Supporters of the new mandate say this is less about religious/ethnic profiling and more about common sense. While the great majority of Muslims are not bent on terrorizing the U.S., the great majority of terrorists in the last decade targeting our country have been Muslims. So in the effort to identify terrorists at airports — akin to searching for a needle in a haystack — the more tools available to intelligence and security agents, the better, advocates argue.

Critics insist that profiling is not only discriminatory but ineffective. If agents are looking for Muslim names or faces, terrorists will recruit people who don’t fit the description. Transportation agents should target people based on criminal behavior, critics say. Besides, consider the backlash that would result from innocent Muslims coming to resent being singled out for heightened inspection.

Israel has been most effective in the field of airline security, knowing how to detect behavioral characteristics that point toward potential terrorists. Asking pointed questions and searching a person’s eyes and physical reactions are far more telling than the kind of random testing that finds elderly women or small children being singled out. But when one considers the volume of American air travelers, the painstaking process employed by Israel seems unrealistic on such a large scale.

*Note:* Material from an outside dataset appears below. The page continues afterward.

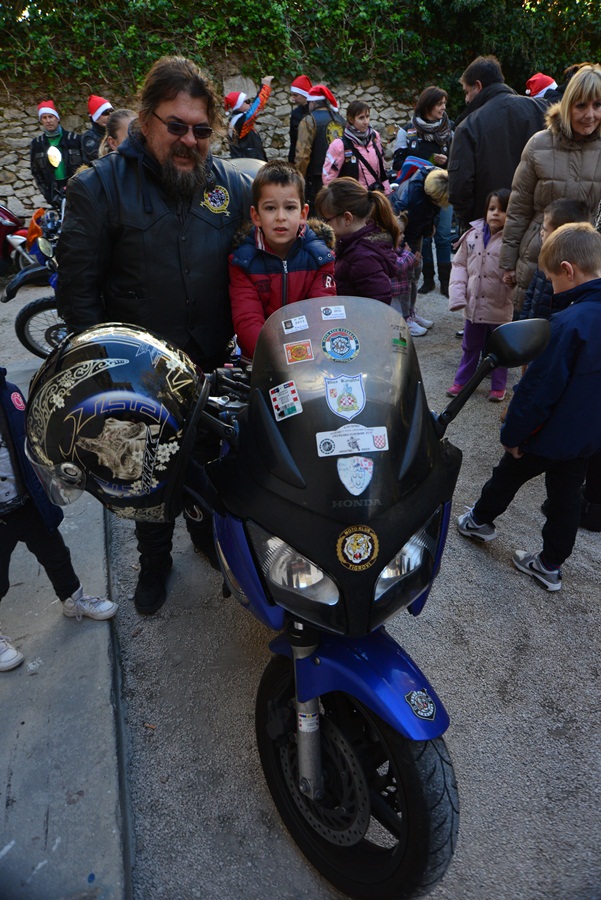 Zadarske Beštije posjetile mališane DV Latica, Foto: Iva Perinčić Zadarske Beštije posjetile mališane DV Latica, Foto: Iva Perinčić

It is easy to criticize U.S. efforts as ineffectual, seemingly always a step behind terrorist strategies. We seek to protect building entrances, and terrorists fly planes into buildings; after the shoe bomber, we have our shoes inspected, and terrorists use liquids. Now it’s underwear. What’s next?

There are no easy answers, and it is unrealistic to expect that every terror threat can be thwarted in advance. But it is embarrassing to see how Congress has played politics with this security crisis. Rather than shortsighted attempts to address yesterday’s problems, we need to determine where the next threats are coming from and how to counter them. That requires cooperation, clear thinking and a commitment to protect innocent people, hopefully through intelligence work that would thwart would-be terrorists before they reach the checkpoints.